Waters still muddy for moonlighting MPs

The draft then went through better hands than mine and in September 2003, ICAC released a 105-page report making 14 recommendations designed to improve the regulation and disclosure of secondary employment of MPs in the public affairs field. Five months later, the bipartisan Legislative Assembly ethics committee sat down to consider ICAC's recommendations.

By then, though, the Brogden affair was ancient history: the 2003 election returned Labor to power, the Government had had its fun with Brogden with the original (and unsuccessful) referral to ICAC, and let's face it, the Opposition was hardly likely to consider Brogden's circumstances inappropriate. Even the independent committee member, Clover Moore, who originally asked ICAC to recommend that MPs be generally barred from other employment, would soon don a second hat as Lord Mayor of Sydney.

So, the seeds of the ICAC report fell on barren ground. In its report, tabled in September 2004, the ethics committee dismissed, ignored or deferred practically every one of the 14 recommendations for changing the MPs' Code of Conduct or pecuniary interest rules.

These included recommendations such as a specific prohibition on paid advocacy (that is, asking questions or making speeches for cash). Even a suggestion that the MPs' pecuniary interests register be made available on the internet - as it is for Westminster and the Scottish Parliament - was deferred pending the conclusion of a trial of internet access in Western Australia. Needless to say, no further action has been taken on this front either.

However, because ICAC had worded its recommendations to ask the Legislative Assembly to consider its suggestions, the ethics committee was able to state (last April) that it had implemented 12 of the 14 recommendations simply by considering them. The commission dutifully noted this in its last annual report.

The sad result is that despite nearly two years of work by ICAC and the ethics committee, no citizen is any wiser about what NSW MPs get up to if they take on consultancy work than when the Brogden affair broke four years ago. If politicians were not about to take the seemingly drastic step of barring secondary employment, then the public might still have been somewhat served by greater transparency about the nature of any additional work.

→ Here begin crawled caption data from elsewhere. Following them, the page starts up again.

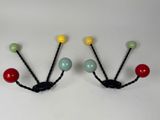 pair of multicolored beaded coat hooks on a white background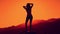Female silhouette dancing at the mountain, beautiful sunset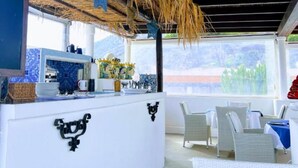 A covered outdoor seating area with a thatched roof, white wicker furniture, and a bar area with a blue and white tiled backsplash. - La Giara Vulcano (Lipari)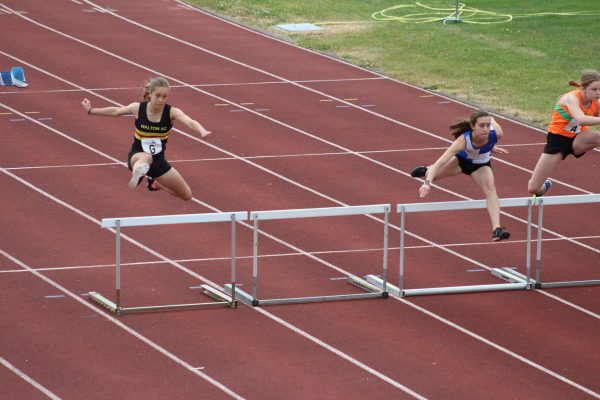 Lady jumping over a hurdle
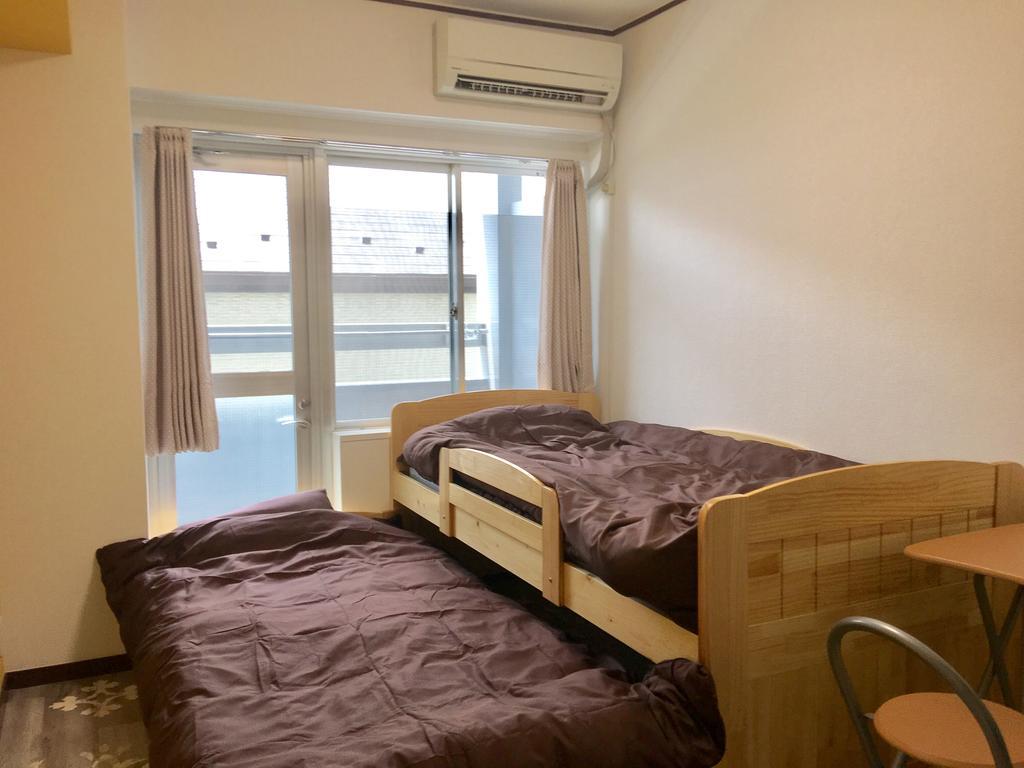 Guesthouse Origami Hiroshima Eksteriør billede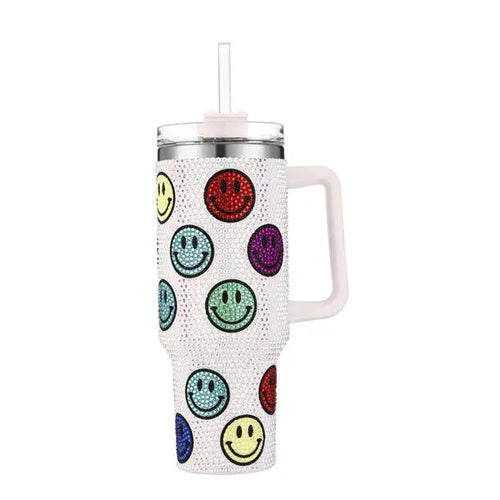 White rhinestone 40oz tumbler with multicolored smiley faces, handle and straw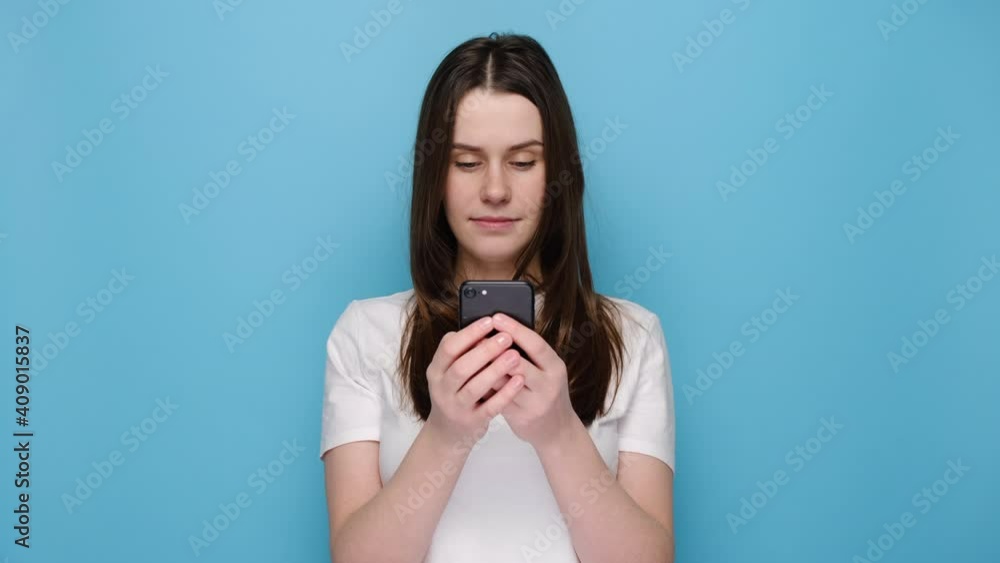 Portrait of cute lady enjoys distant communication, uses mobile phone, surfes fast unlimited internet, has pleasant smile, dressed in white t-shirt, makes shopping online, isolated on blue background Portrait of cute lady enjoys distant communication, uses mobile phone, surfes fast unlimited internet, has pleasant smile, dressed in white t-shirt, makes shopping online, isolated on blue background
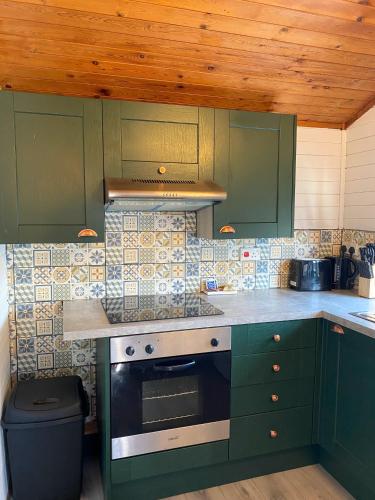 a kitchen with green cabinets and a stove top oven at Otter 1 HuntersMoon-Warminster-Longleat-Wiltshire in Warminster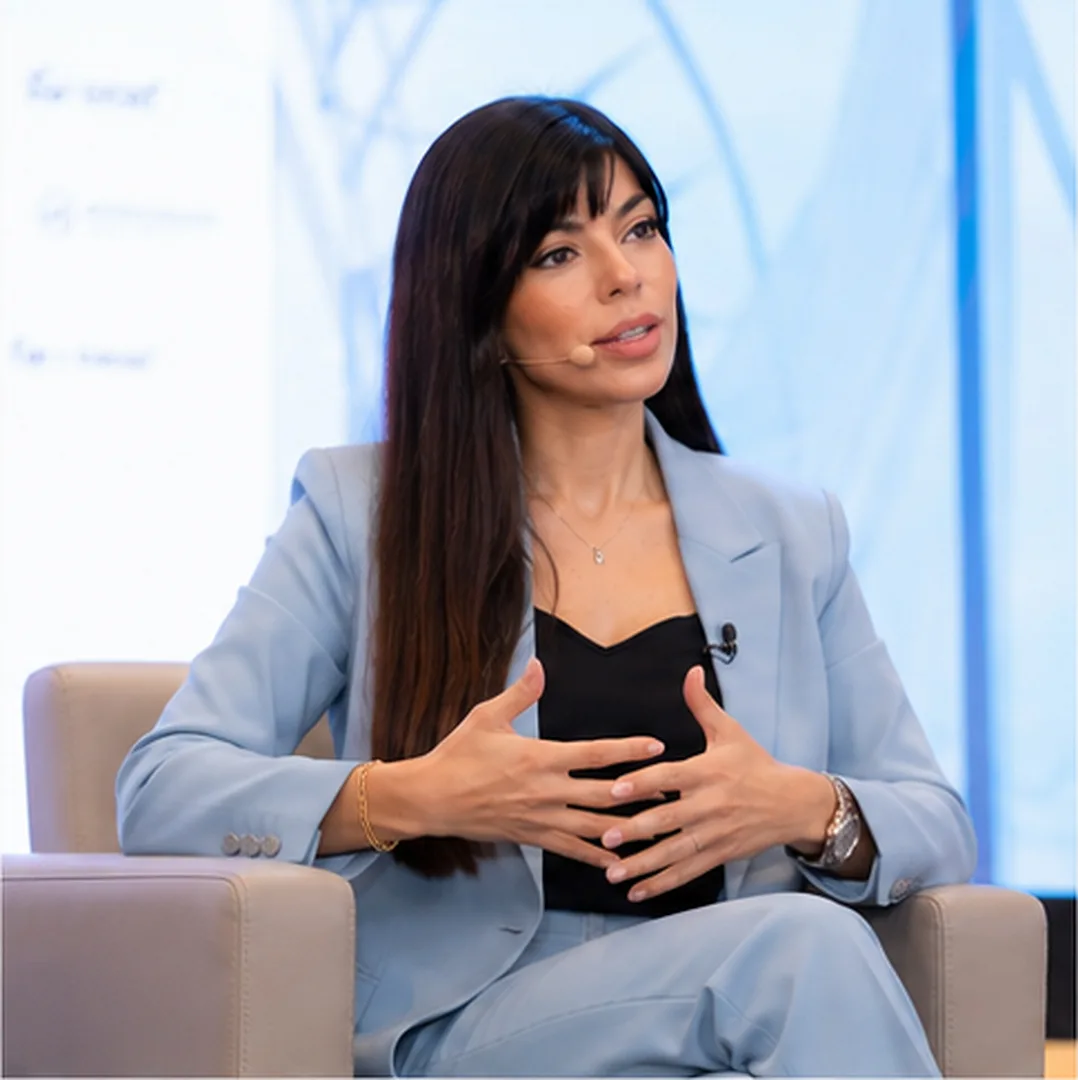 Rima Iskandarani leading a seated panel discussion in a light blue pantsuit, gesturing as she speaks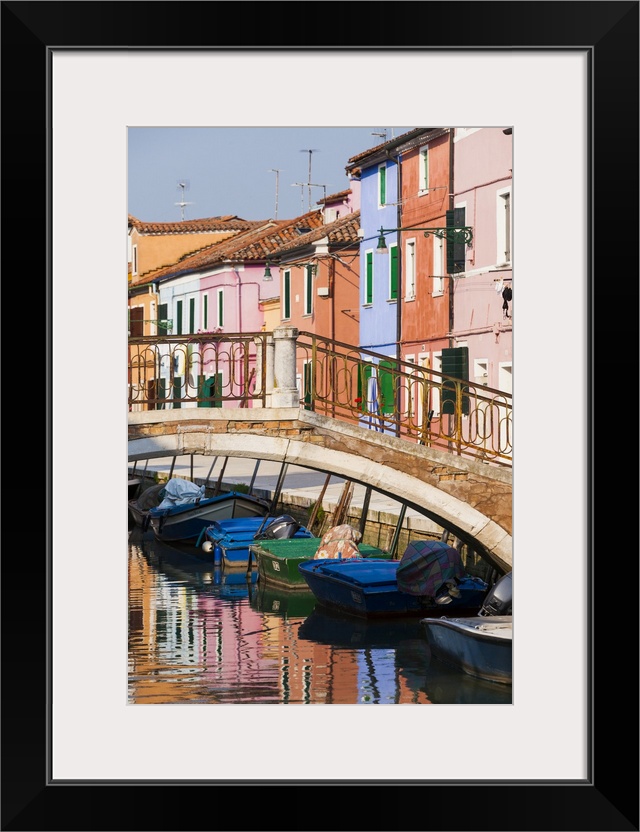 Italy, Burano. Reflection of colorful houses in canal.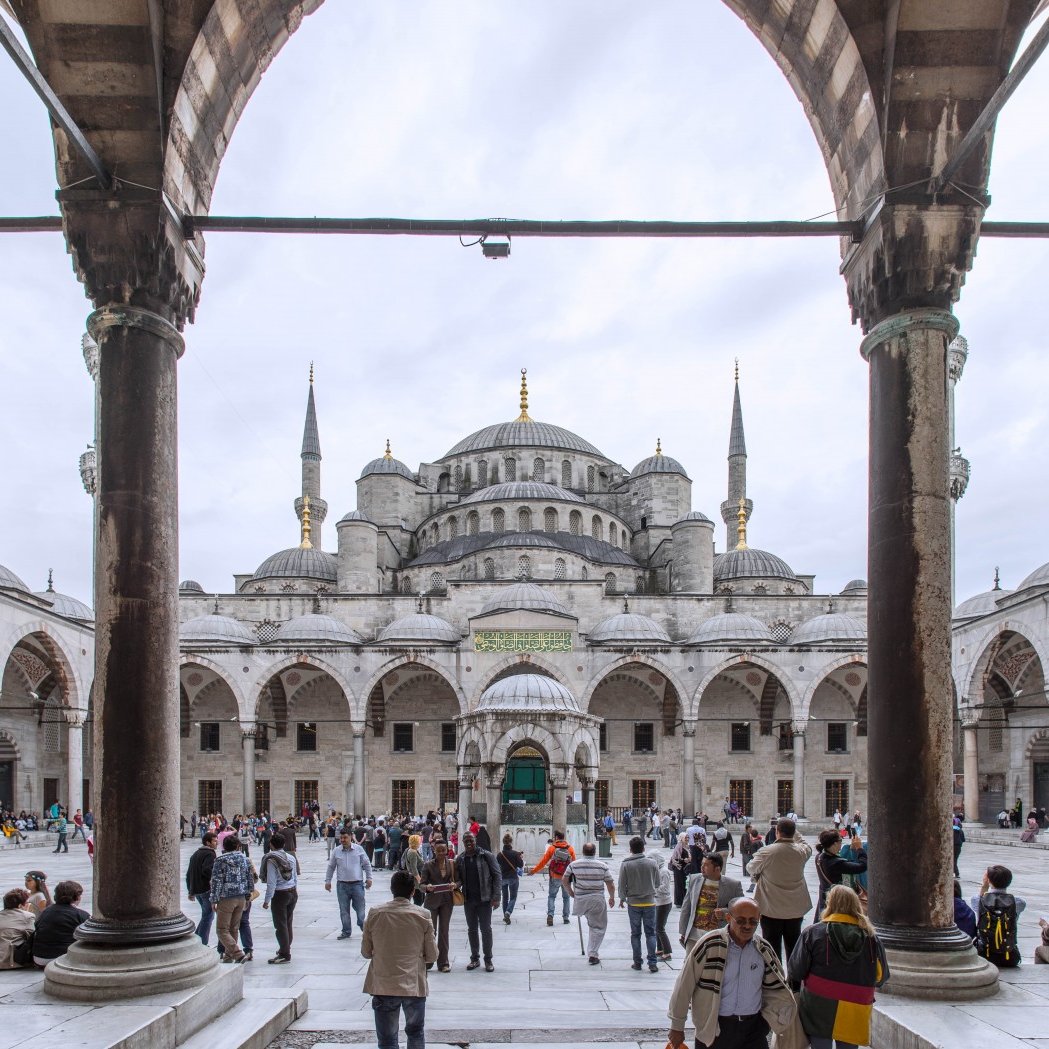 L'image montre une vue grandiose de la Mosquée bleue à Istanbul, encadrée par des arches majestueuses. Au premier plan, on peut voir un espace vaste et ouvert avec de nombreuses personnes qui se déplacent, créant une ambiance vivante. La mosquée elle-même se dresse en arrière-plan avec ses dômes et ses minarets élancés, sous un ciel nuageux qui ajoute une atmosphère particulière à la scène. Les détails architecturaux des colonnes et des arches sont également visibles, soulignant la beauté de cette œuvre historique.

At the time that I was preparing my draft report, I gave it the file name "Bristol" after the electorate of the 18th-century English MP and philosopher Edmund Burke, who, in one famous speech, told his electors that among their entitlements from him, they could expect that he would provide his industry. This was a motivation I believed worthy of emulation by all full-time, professional MPs in the 21st century. After all, a handsome salary, generous allowances and a munificent superannuation scheme are supposed to support their duties and compensate for potential lost income that their skills might attract elsewhere.

As a former parliamentary staffer, I do not subscribe to the cynical view of politicians as overpaid, good-for-nothing layabouts. I know that the vast majority of MPs are hard-working, dedicated representatives, whose parliamentary, electorate and political functions rarely, if ever, leave them with much time for second jobs of any kind.

But by green-lighting MPs' moonlighting - and muddying the trail of transparency - the parliamentary ethics committee has done itself, its MP colleagues and, ultimately, we the voters, a great disservice.

Stephen Murray is a political analyst.